Press a weight through life, and I will watch this crush you is the melancholic title of Pylypchuk’s exhibition, which occupies half of the main gallery space at the Art Gallery of Calgary and is curated by Marianne Elder. Originally created for Detroit’s Museum of Contemporary Art inaugural group exhibition in 2006, Pylypchuk’s town is constructed from recycled wooden scraps salvaged from an old Packard plant and tire factory in Detroit. The citizens, some resembling turtles, others walruses or elephants, are created from patches of faux fur, recycled clothes, scraps of fabric and wood.

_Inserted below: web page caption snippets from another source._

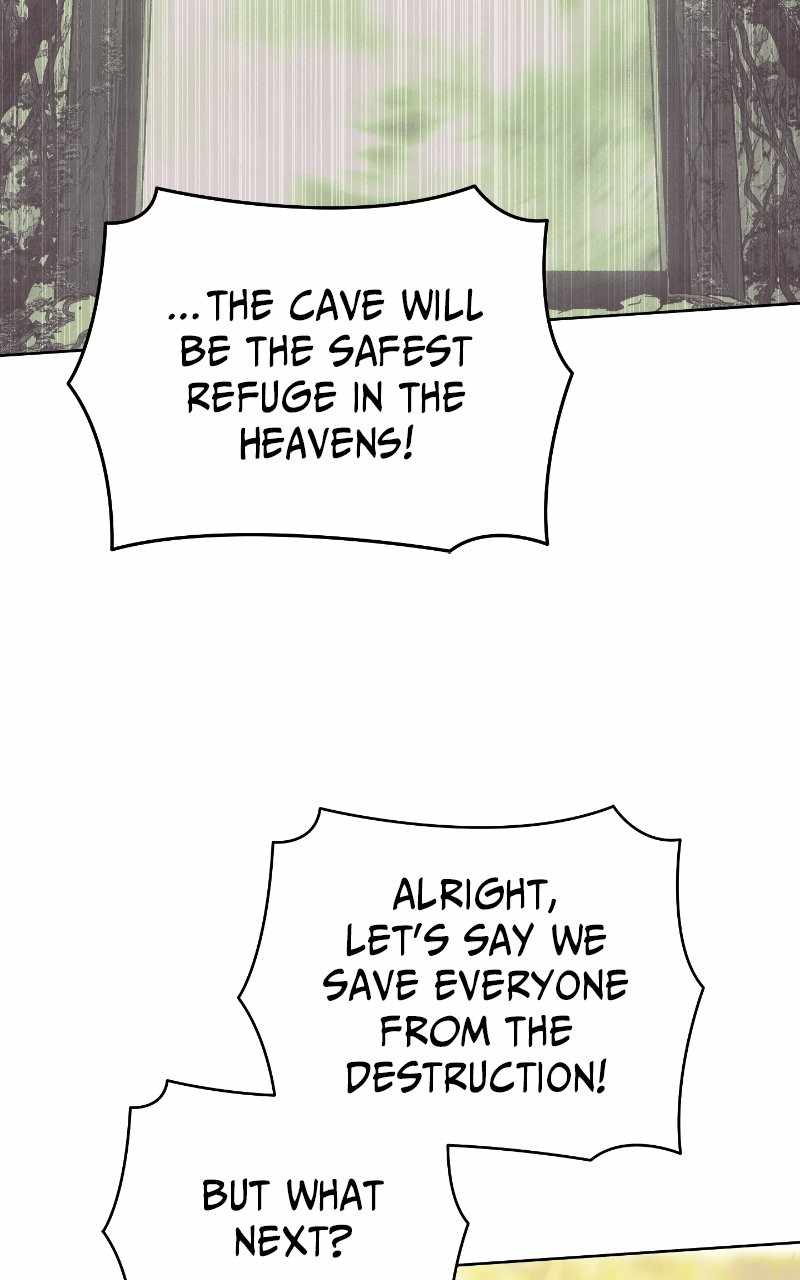Reincarnated into a Cursed Game Chapter 26 — Page 8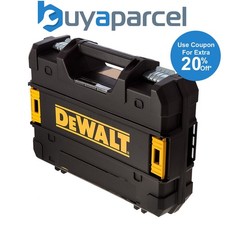 Dewalt TStak Power Tool Case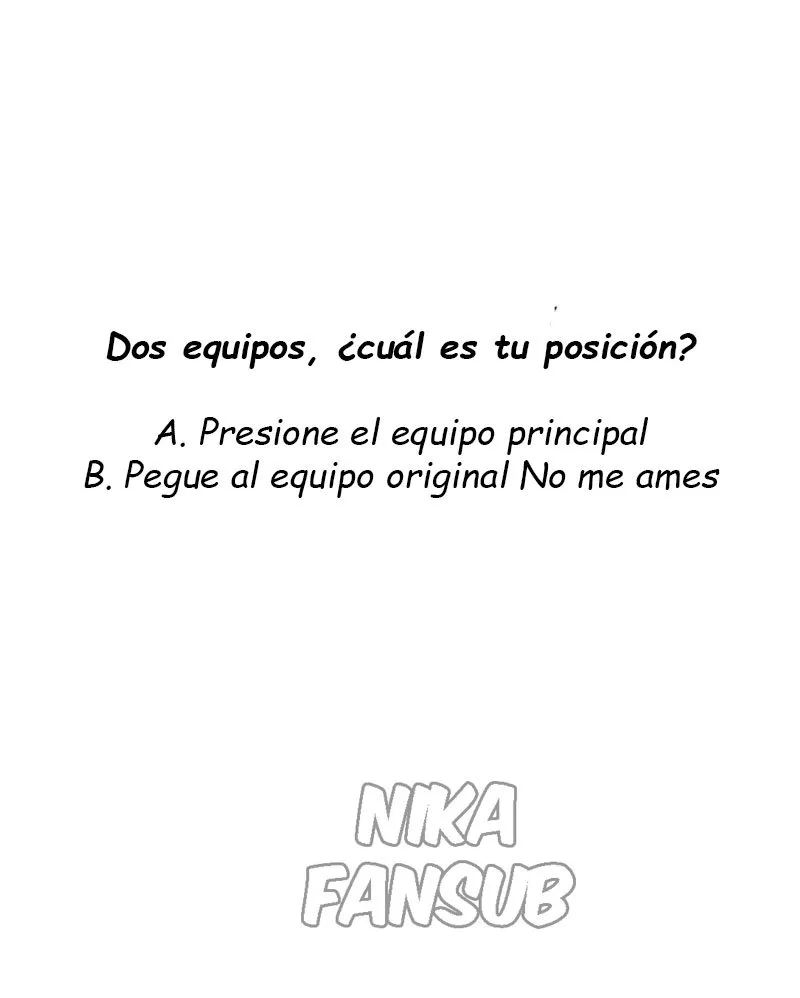 Mi esposa es un poco fría Capítulo 14 en Línea - página 31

Bits of coloured wood and fabric stand out from the greying town as vestiges of a brighter past.
Also included in the exhibition are two paintings by Pylypchuk, both of which echo the bleakness of the installation, with their pathetic characters and apocalyptic environments. One recurring element found in all of his paintings and drawings is the use of text to create darkly humorous storylines and to give his figures twisted dialogues. For example, in I sent a snake and a cross-eyed guy to destroy you (2008), one grey-felted creature says to another grey-felted creature floating in a lava-like body of water, “I sent a snake and a cross-eyed guy to destroy you and you jump into the fucking river.” The latter responds, without any use of punctuation to help decipher his reaction, “you brought a snake to destroy me.” The sock-made snake with arms says “yo,” and another onlooker states, “hey wait, now how the fuck is a cross-eyed guy going to destroy anything.”
Press a weight through life reminds me of artist Marcel Dzama’s drawings, which feature dark humour and similarly bizarre interactions between humanoid creatures. Dzama and Pylypchuk, it turns out, are both founding members of the Royal Art Lodge, an internationally celebrated Winnipeg art group.
During their formative years as artists, Pylypchuk, Dzama, Michael Dumontier and Adrian Williams collaborated on drawings and shamelessly swapped ideas. Pylypchuk says in a recent interview in Border Crossings that Williams and Dumontier were two of his biggest influences. “They were naturals, and I felt like I wasn’t. But what I got from them was that artistic ability, the way I understood it, doesn’t really matter. It was more about expression and how you approach it.”
Pylypchuk grew up in Winnipeg, studied at the University of Manitoba, then moved to Los Angeles, earning a master’s degree in fine arts at the University of California. He has had multiple solo exhibitions since 1999, from New York to Paris, and his work is owned by MOMA, the Whitney and The Saatchi Gallery, to name a few. It’s hard to imagine that this is the artist’s first solo exhibition in his home country, and the last time he had a group show in Canada was in 2003 at Toronto’s Power Plant.
Kudos to Elder and the AGC for finally bringing Pylypchuk’s work back to Canadian soil and allowing Calgarians to experience his twisted universe in its full melancholic glory.